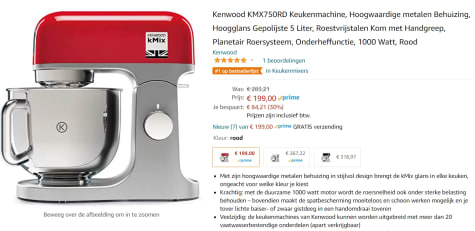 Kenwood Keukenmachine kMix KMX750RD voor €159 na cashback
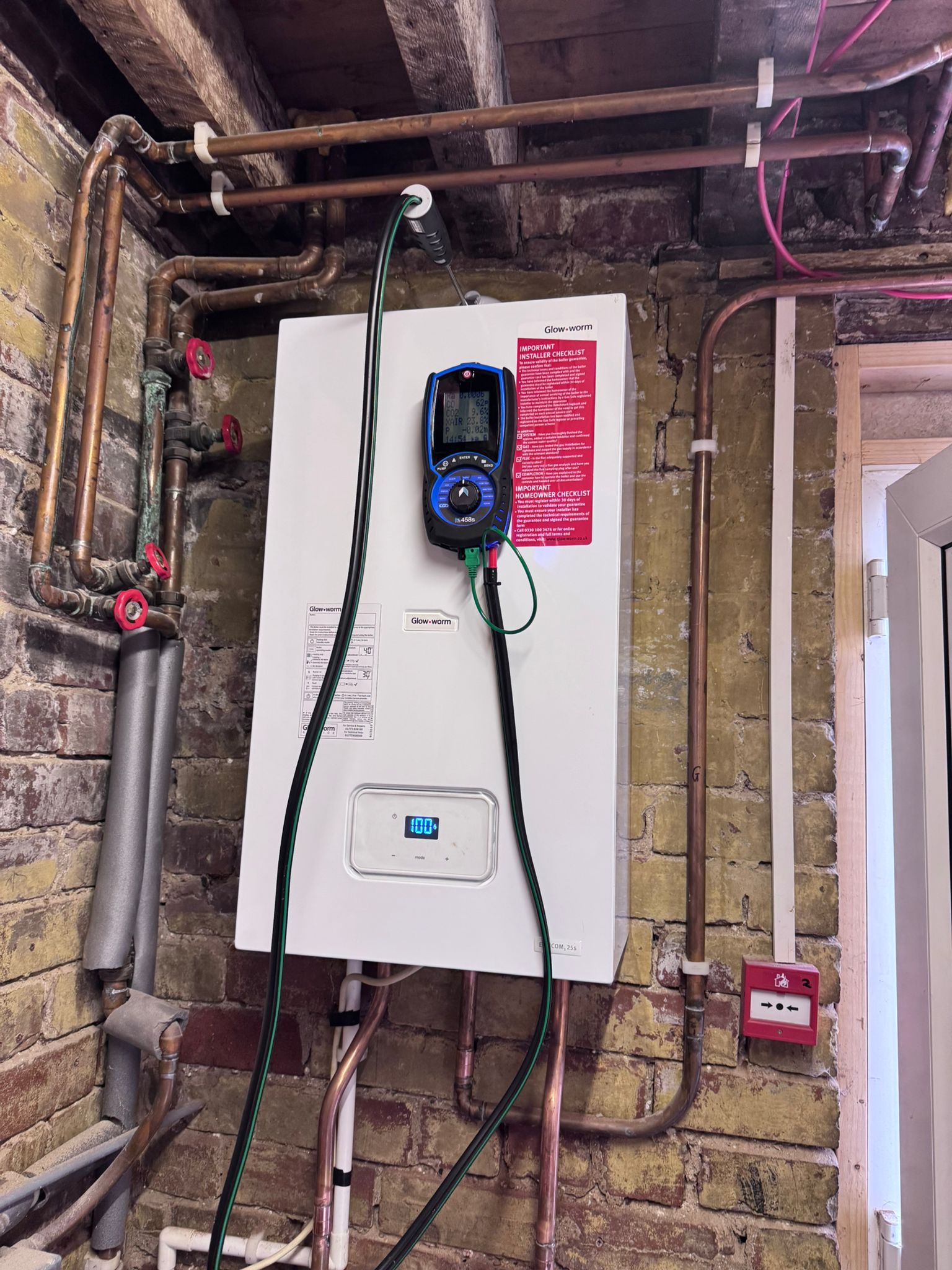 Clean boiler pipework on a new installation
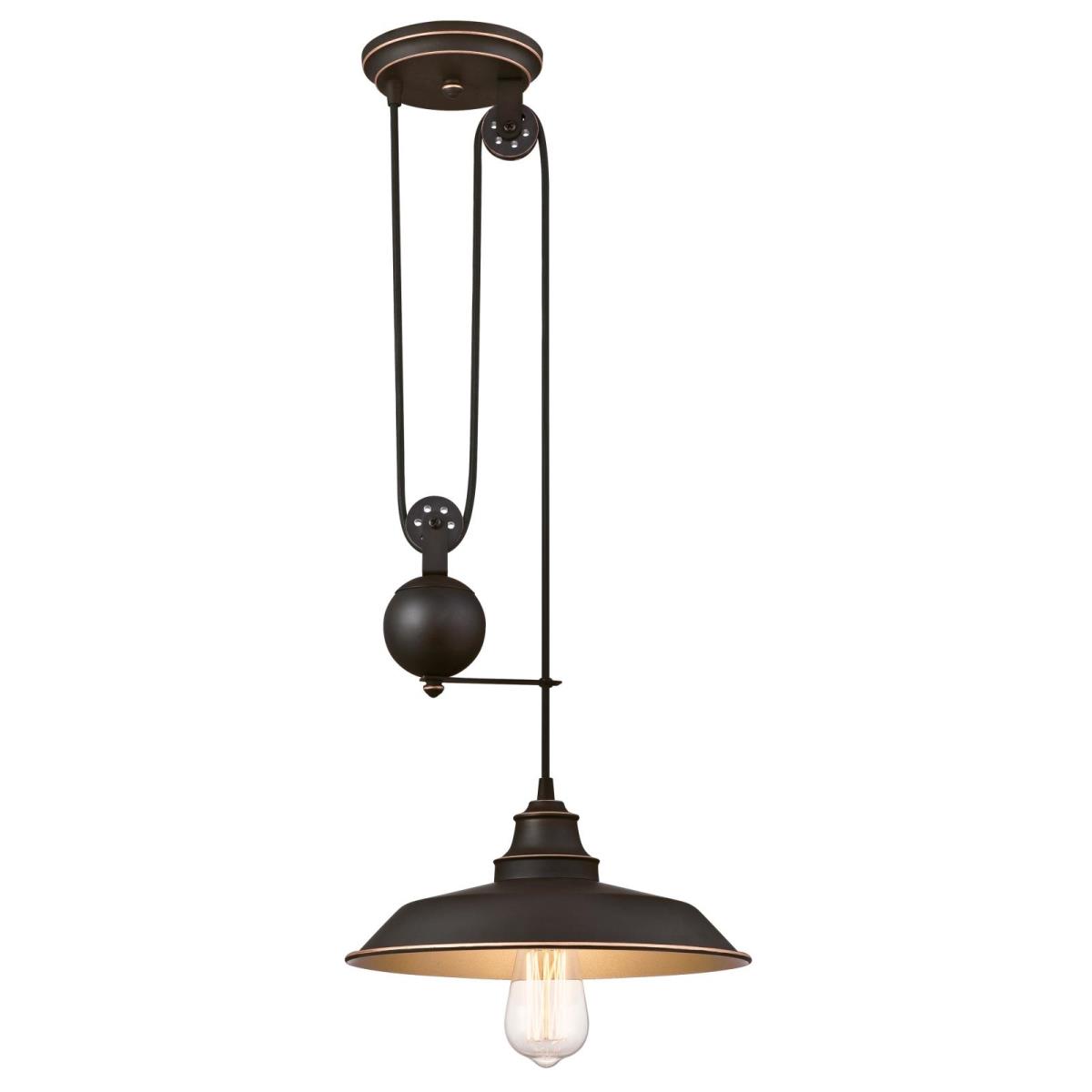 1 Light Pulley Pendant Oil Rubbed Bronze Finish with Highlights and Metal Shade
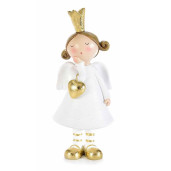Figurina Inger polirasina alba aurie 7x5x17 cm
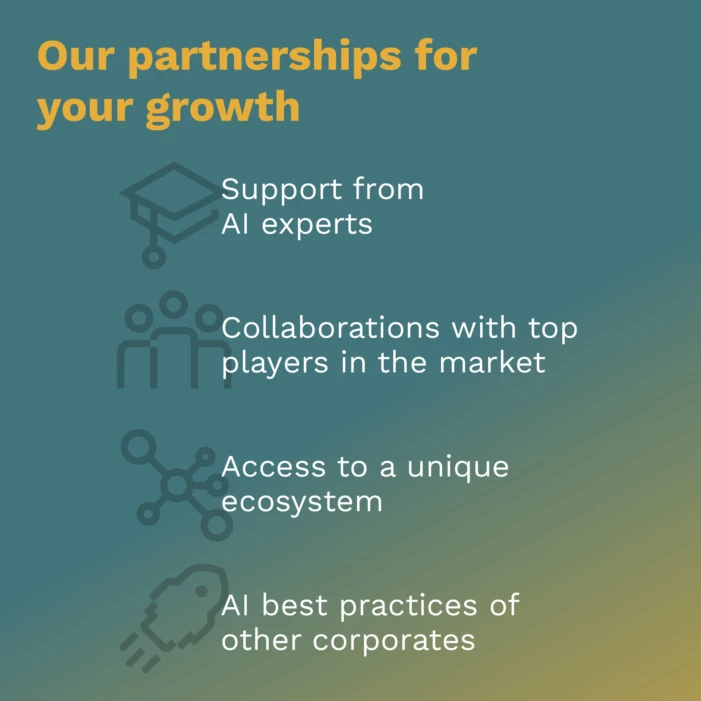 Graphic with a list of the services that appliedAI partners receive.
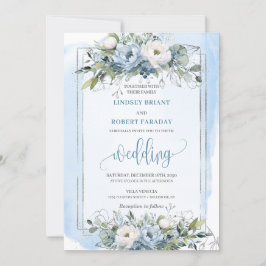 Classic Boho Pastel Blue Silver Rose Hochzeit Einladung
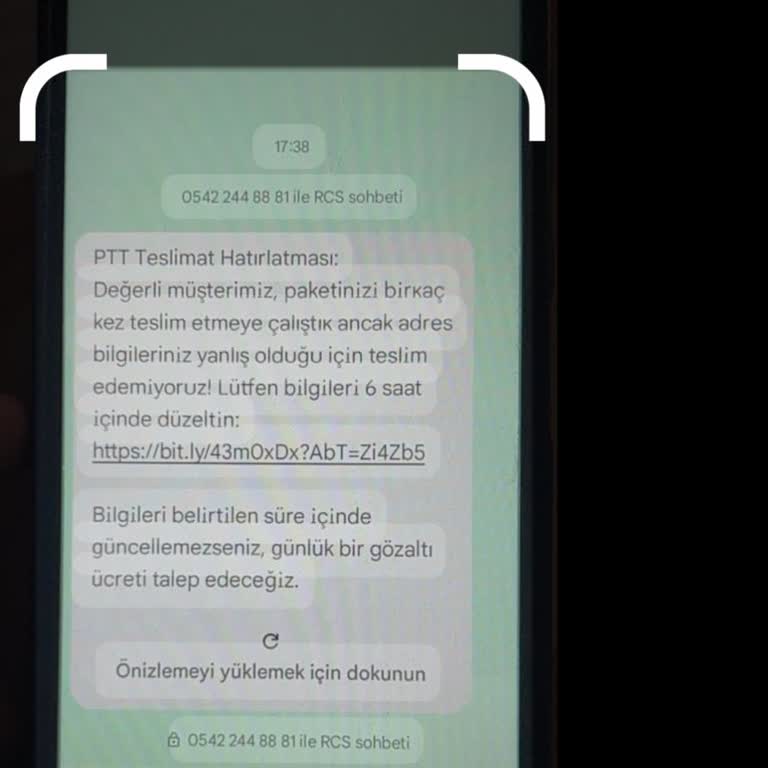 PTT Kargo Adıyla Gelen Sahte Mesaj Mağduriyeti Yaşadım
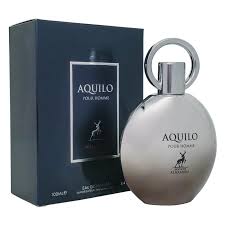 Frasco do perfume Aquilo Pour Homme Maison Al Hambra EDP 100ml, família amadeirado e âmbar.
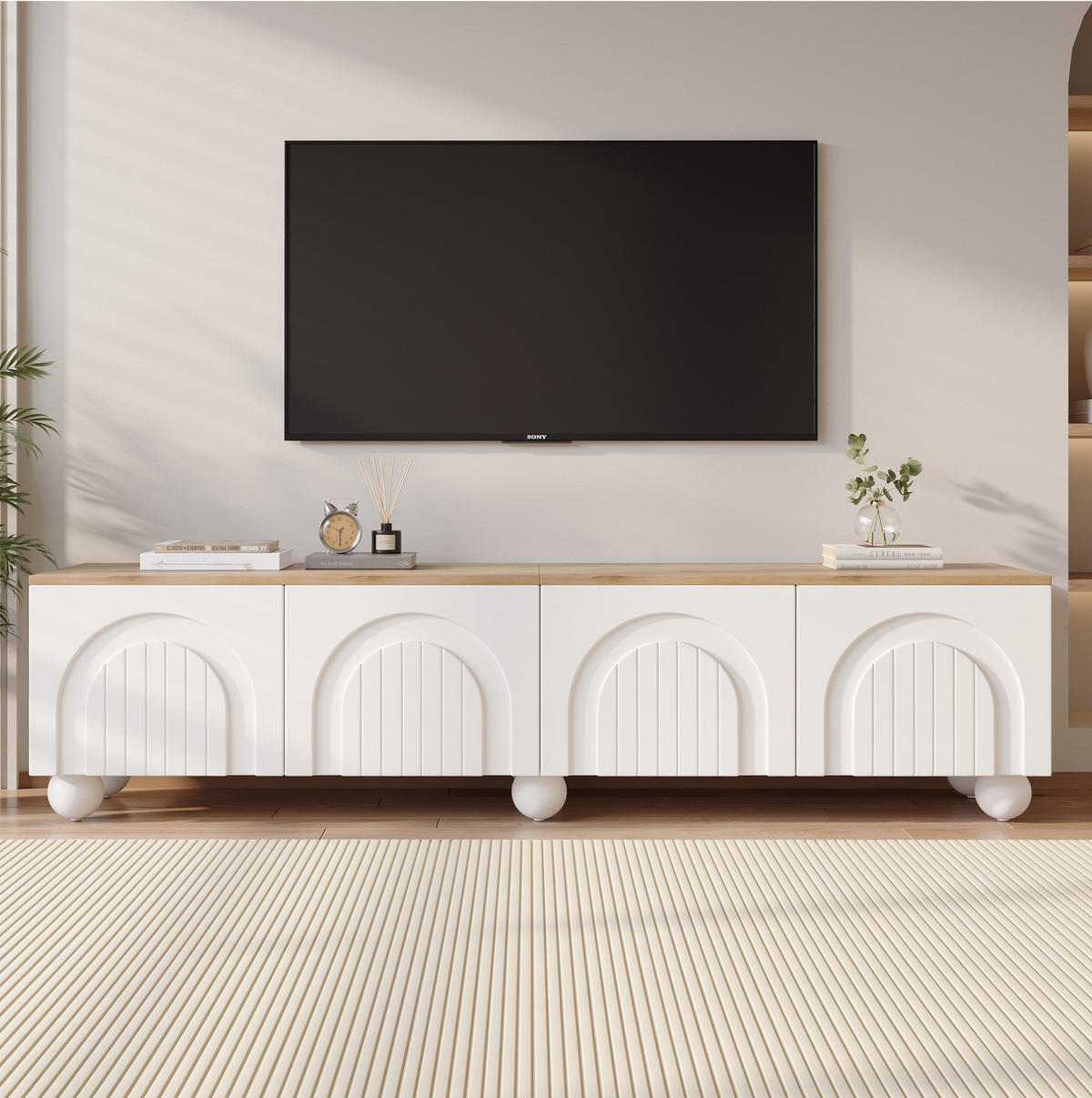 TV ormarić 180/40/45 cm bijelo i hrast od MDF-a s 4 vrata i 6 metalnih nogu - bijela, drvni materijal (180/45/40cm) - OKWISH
━━━
Every record above should be transcribed exactly; the pictures stay out of the copy.

 Kenwood Keukenmachine kMix KMX750RD voor €159 na cashback
 Clean boiler pipework on a new installation
 1 Light Pulley Pendant Oil Rubbed Bronze Finish with Highlights and Metal Shade
Figurina Inger polirasina alba aurie 7x5x17 cm
 Graphic with a list of the services that appliedAI partners receive.
 Classic Boho Pastel Blue Silver Rose Hochzeit Einladung
 PTT Kargo Adıyla Gelen Sahte Mesaj Mağduriyeti Yaşadım
 Frasco do perfume Aquilo Pour Homme Maison Al Hambra EDP 100ml, família amadeirado e âmbar.
 TV ormarić 180/40/45 cm bijelo i hrast od MDF-a s 4 vrata i 6 metalnih nogu - bijela, drvni materijal (180/45/40cm) - OKWISH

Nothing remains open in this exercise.